● **INPUT DATA**:
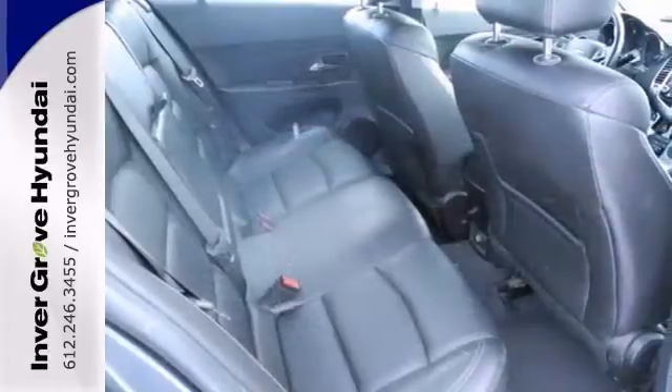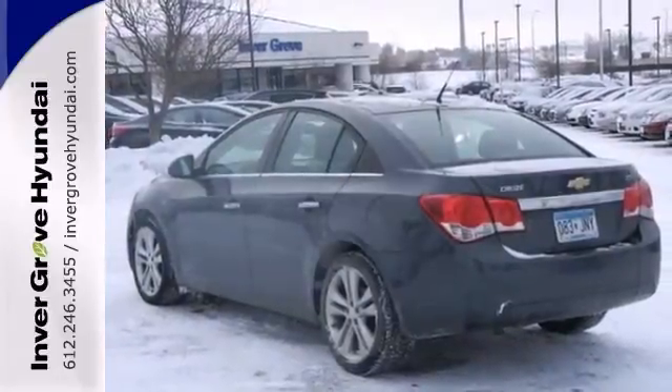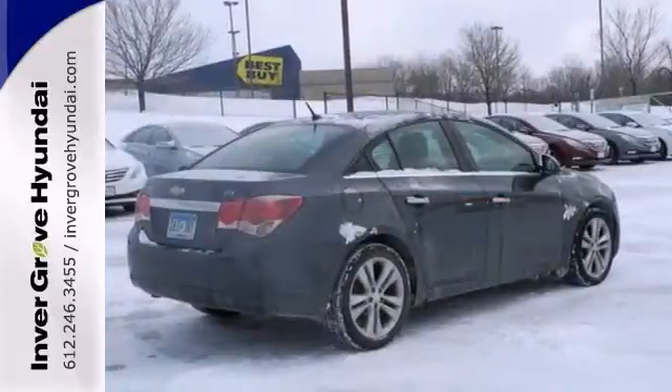It features a lifetime warranty and has keyless entry, multifunction steering wheel, OnStar, and heated leather seats. Come in and take a look today.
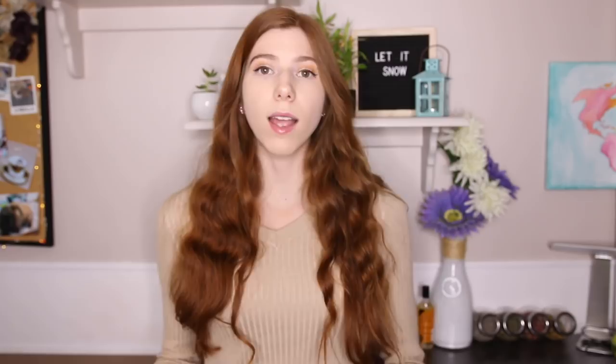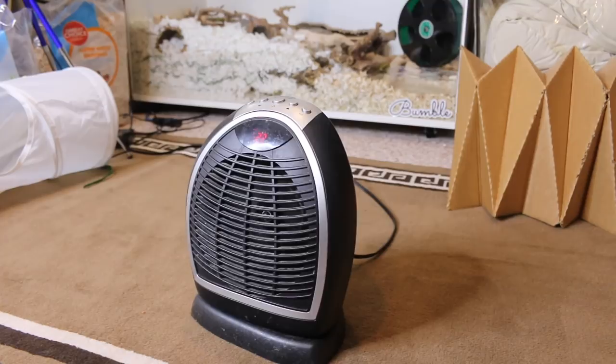If your hamster's cage is in a colder area of your house and you are unable to move it to a warmer area, I would recommend looking into some portable heaters. Of course, be careful with portable heaters — don't keep them plugged in all the time, and make sure they're only plugged in when you are home, because you can easily start a fire.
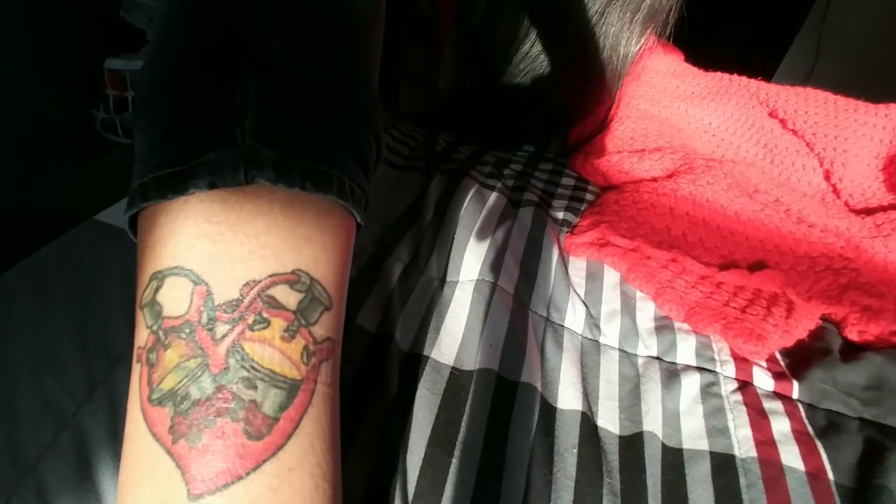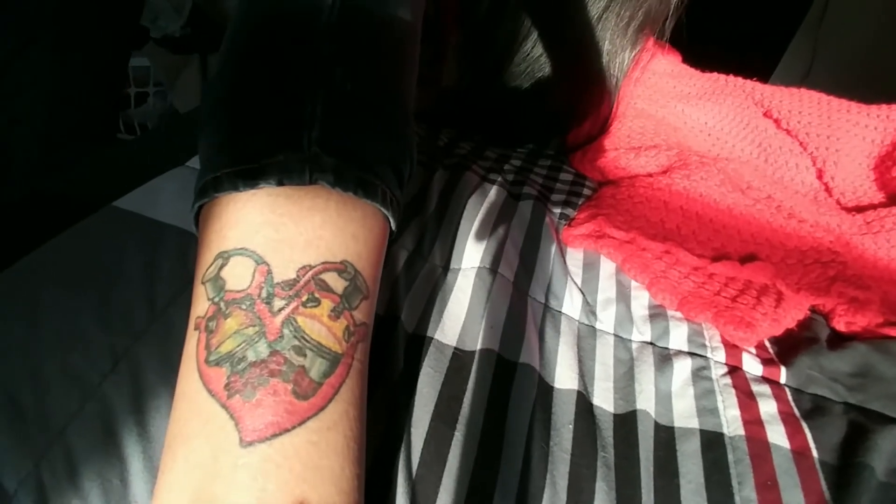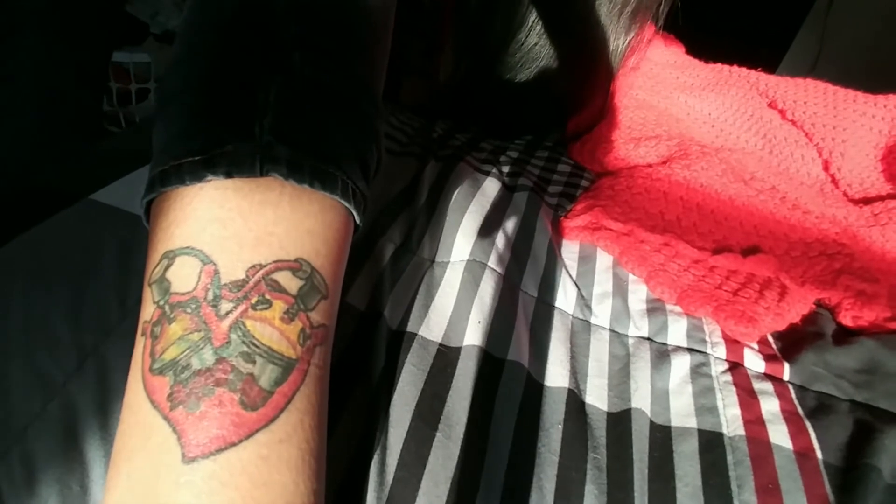The next tattoo I got was when I went to the Tampa, Florida area on vacation for what I think was my 23rd birthday. My best friends were living down there, so I stayed with them and we went to Parsons Inc in the Tampa area — they do amazing color work. They have trophies all over the shop for awards their artists have won for color work. We got matching best friend tattoos on our ankles.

● **WHAT IS REQUIRED**: Restate the data word for word and exclude every picture.

● **ANSWER BOX**:
It features a lifetime warranty and has keyless entry, multifunction steering wheel, OnStar, and heated leather seats. Come in and take a look today.
If your hamster's cage is in a colder area of your house and you are unable to move it to a warmer area, I would recommend looking into some portable heaters. Of course, be careful with portable heaters — don't keep them plugged in all the time, and make sure they're only plugged in when you are home, because you can easily start a fire.
The next tattoo I got was when I went to the Tampa, Florida area on vacation for what I think was my 23rd birthday. My best friends were living down there, so I stayed with them and we went to Parsons Inc in the Tampa area — they do amazing color work. They have trophies all over the shop for awards their artists have won for color work. We got matching best friend tattoos on our ankles.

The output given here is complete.